TASK STATEMENT: Reproduce the entries that follow exactly, dropping each image.

*** Opening RECORDS FOR THE TASK ***

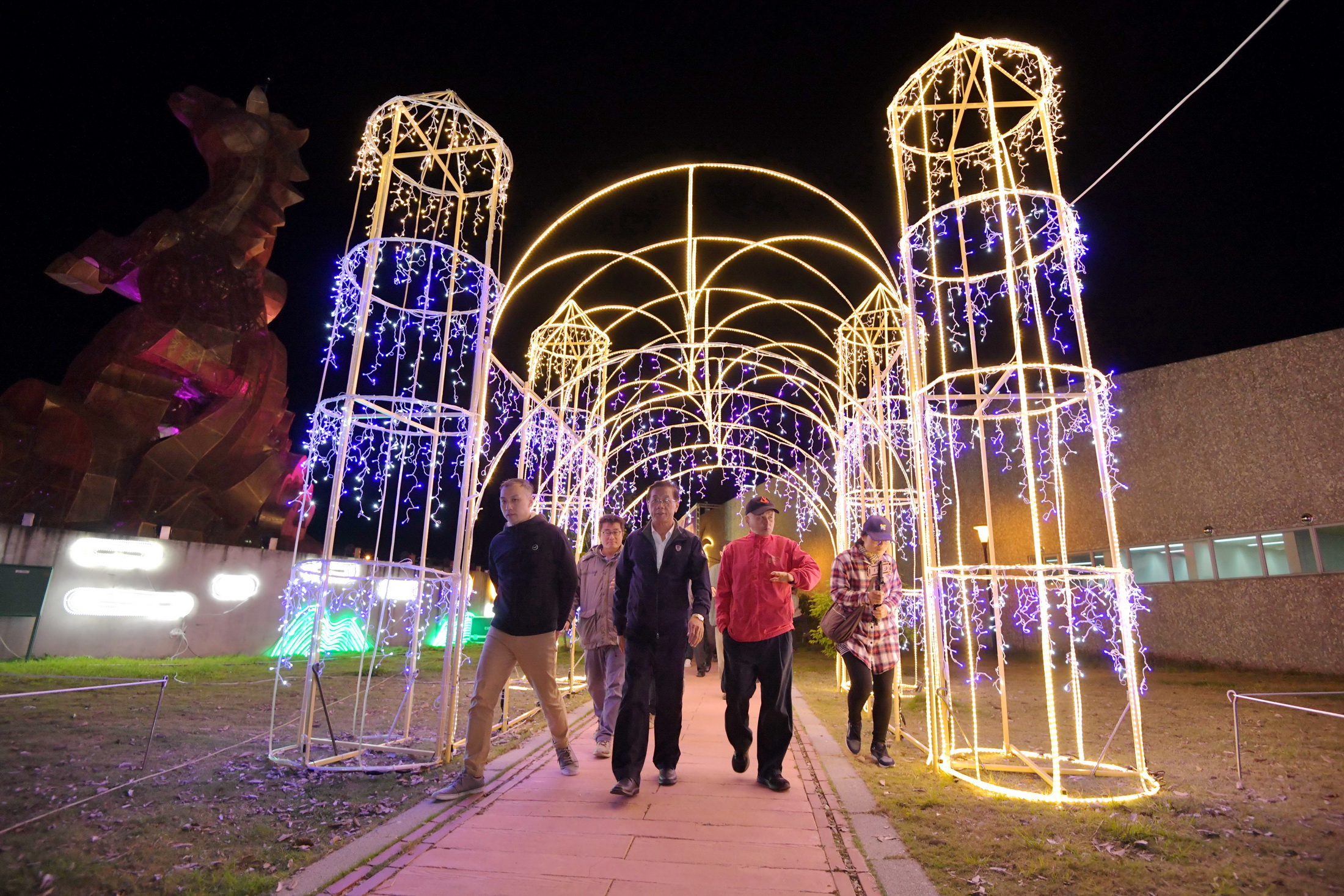 相關圖片1-南投燈會即將登場　17日晚間試點燈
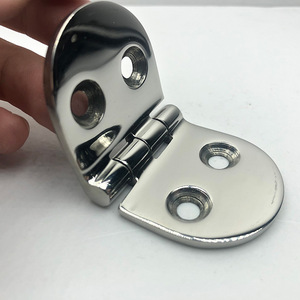 Bisagra de cubierta de barco de acero inoxidable 38x76x3.3mm, herraje marino ovalado de cuatro orificios - Product Image 3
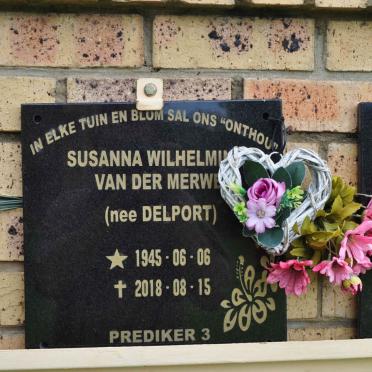 MERWE Susanna Wilhelmina, van der nee DELPORT 1945-2018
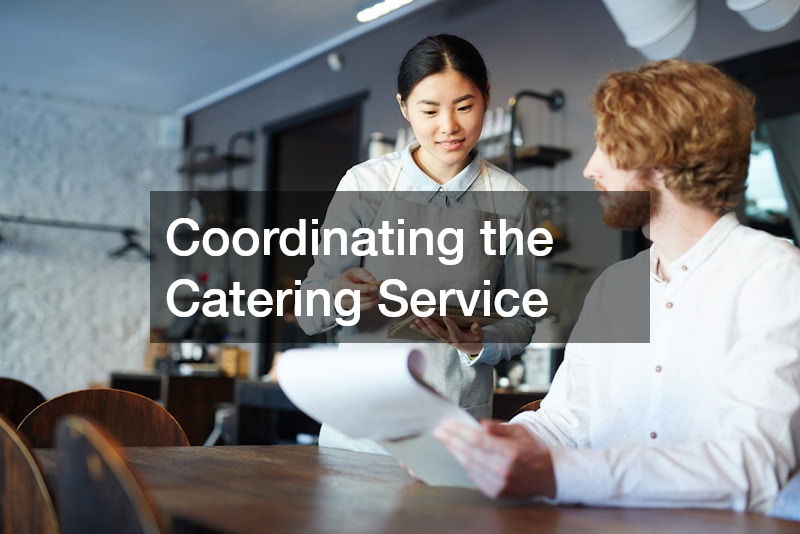 Coordinating the Catering Service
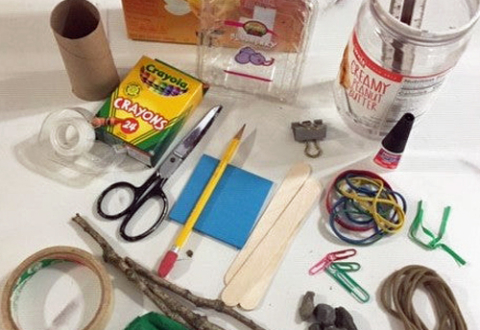 An array of craft materials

*** Closing RECORDS FOR THE TASK ***

ANSWER SPACE:
 相關圖片1-南投燈會即將登場　17日晚間試點燈
 Bisagra de cubierta de barco de acero inoxidable 38x76x3.3mm, herraje marino ovalado de cuatro orificios - Product Image 3
 MERWE Susanna Wilhelmina, van der nee DELPORT 1945-2018
 Coordinating the Catering Service
 An array of craft materials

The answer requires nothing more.